Take the lines in the listing below from the line with "So that's going" up to and including the line with "Go to Edit, then" and set them down exactly, skipping pictures and adding nothing.

* **EXERCISE MATERIALS**:
.....

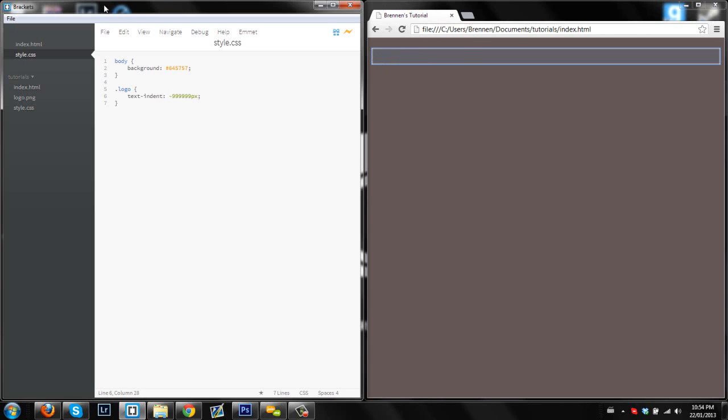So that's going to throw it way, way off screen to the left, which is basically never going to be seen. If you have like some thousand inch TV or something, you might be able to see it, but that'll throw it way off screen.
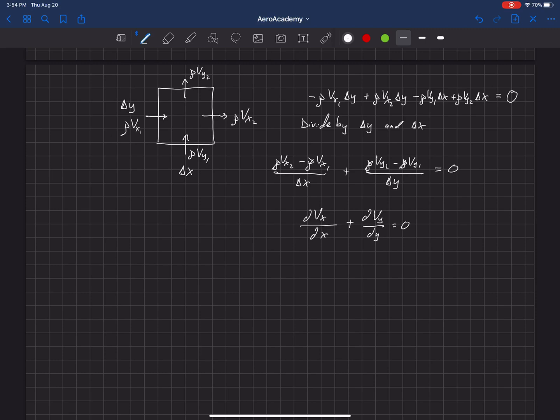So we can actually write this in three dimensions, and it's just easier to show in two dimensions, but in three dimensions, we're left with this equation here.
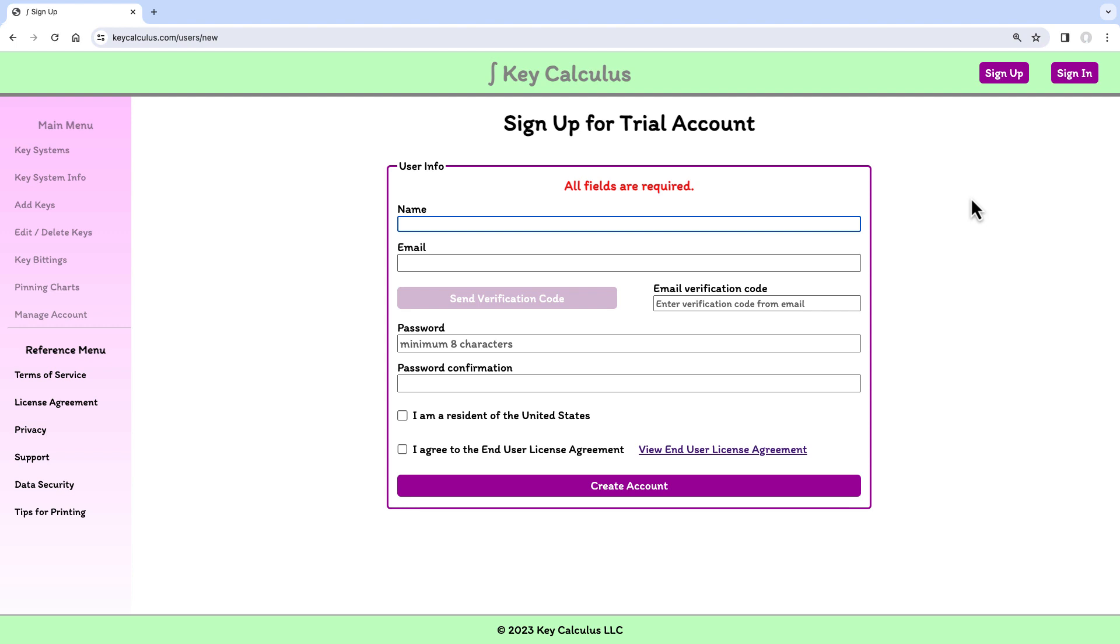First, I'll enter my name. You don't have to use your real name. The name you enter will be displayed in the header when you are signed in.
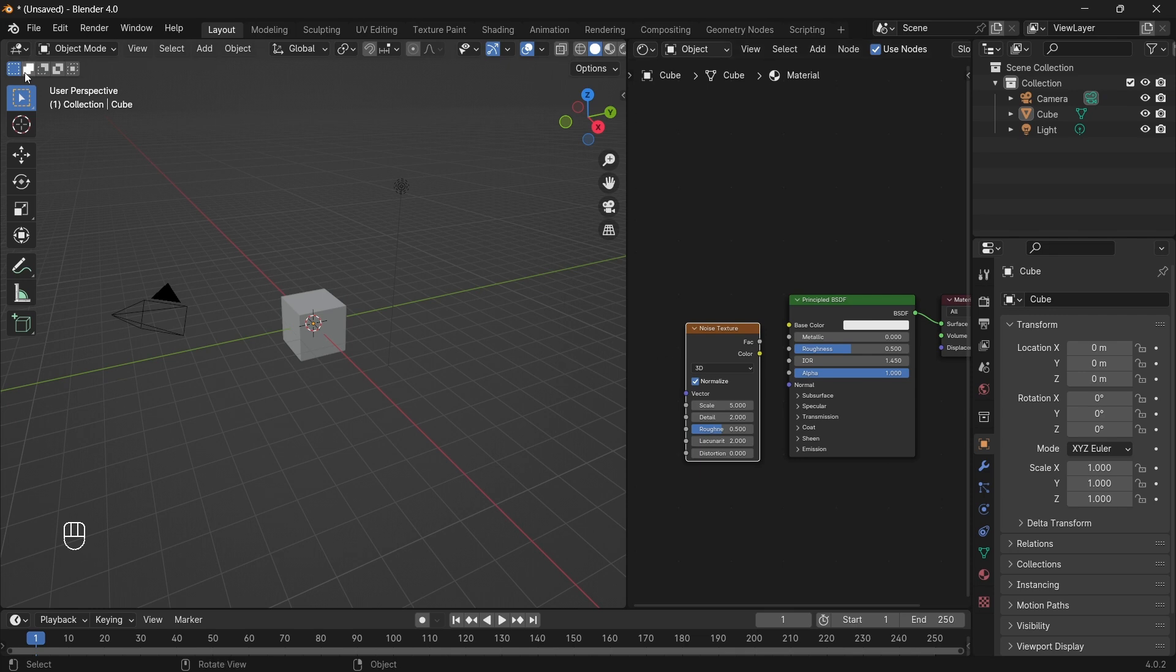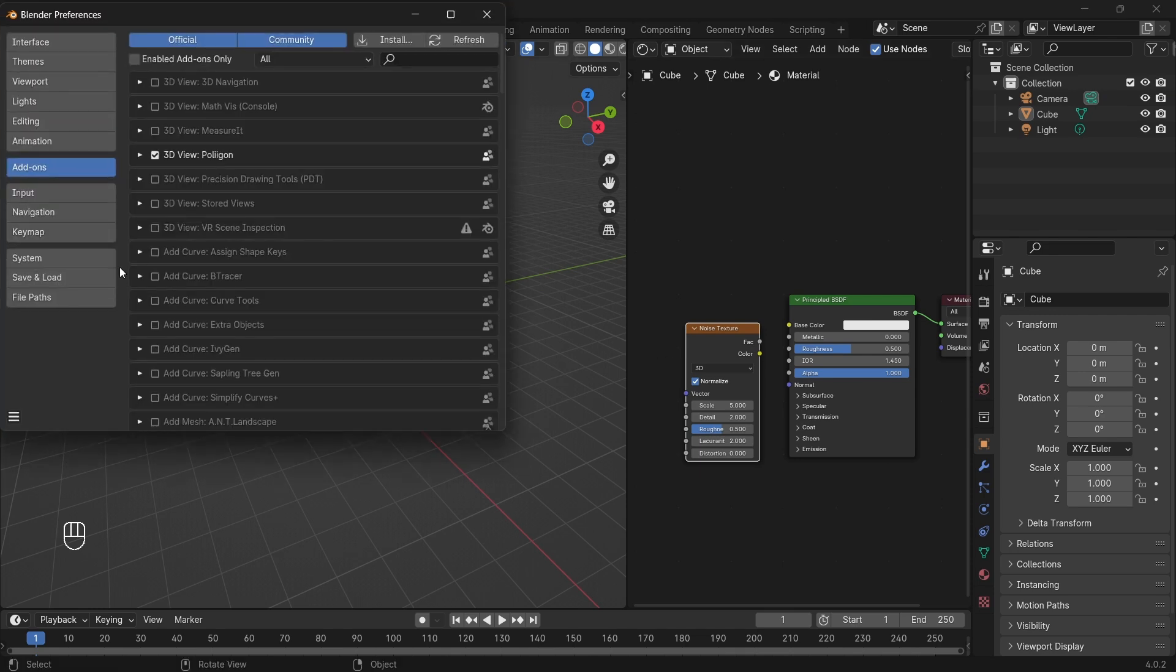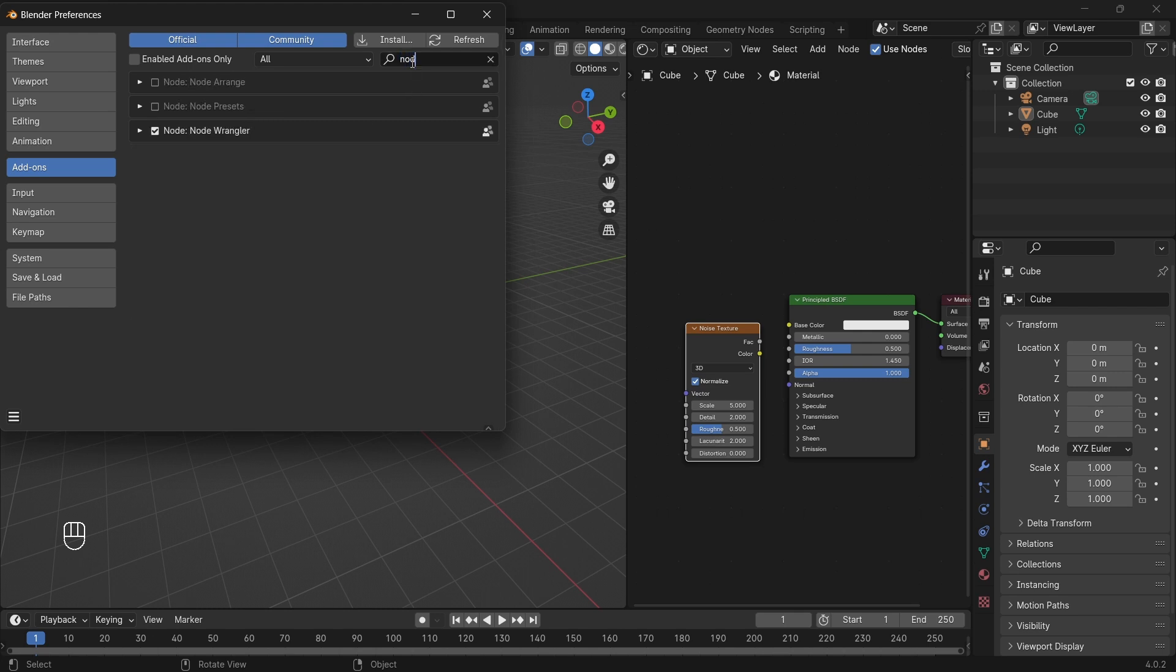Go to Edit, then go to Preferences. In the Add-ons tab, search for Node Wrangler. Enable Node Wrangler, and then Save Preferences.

.....

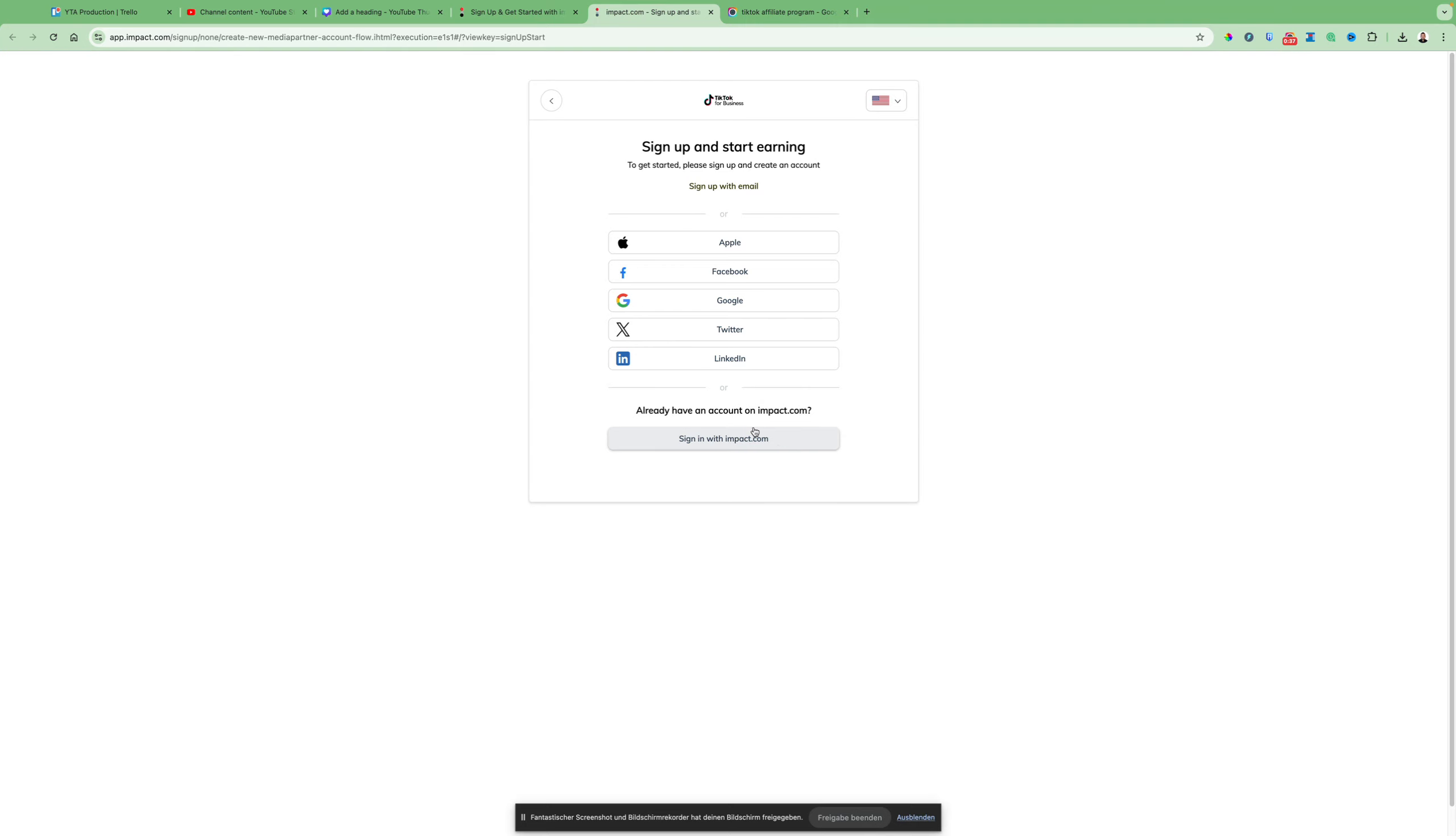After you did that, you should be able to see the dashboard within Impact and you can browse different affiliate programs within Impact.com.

.....

* **WORKED SOLUTION**:
So that's going to throw it way, way off screen to the left, which is basically never going to be seen. If you have like some thousand inch TV or something, you might be able to see it, but that'll throw it way off screen.
So we can actually write this in three dimensions, and it's just easier to show in two dimensions, but in three dimensions, we're left with this equation here.
First, I'll enter my name. You don't have to use your real name. The name you enter will be displayed in the header when you are signed in.
Go to Edit, then go to Preferences. In the Add-ons tab, search for Node Wrangler. Enable Node Wrangler, and then Save Preferences.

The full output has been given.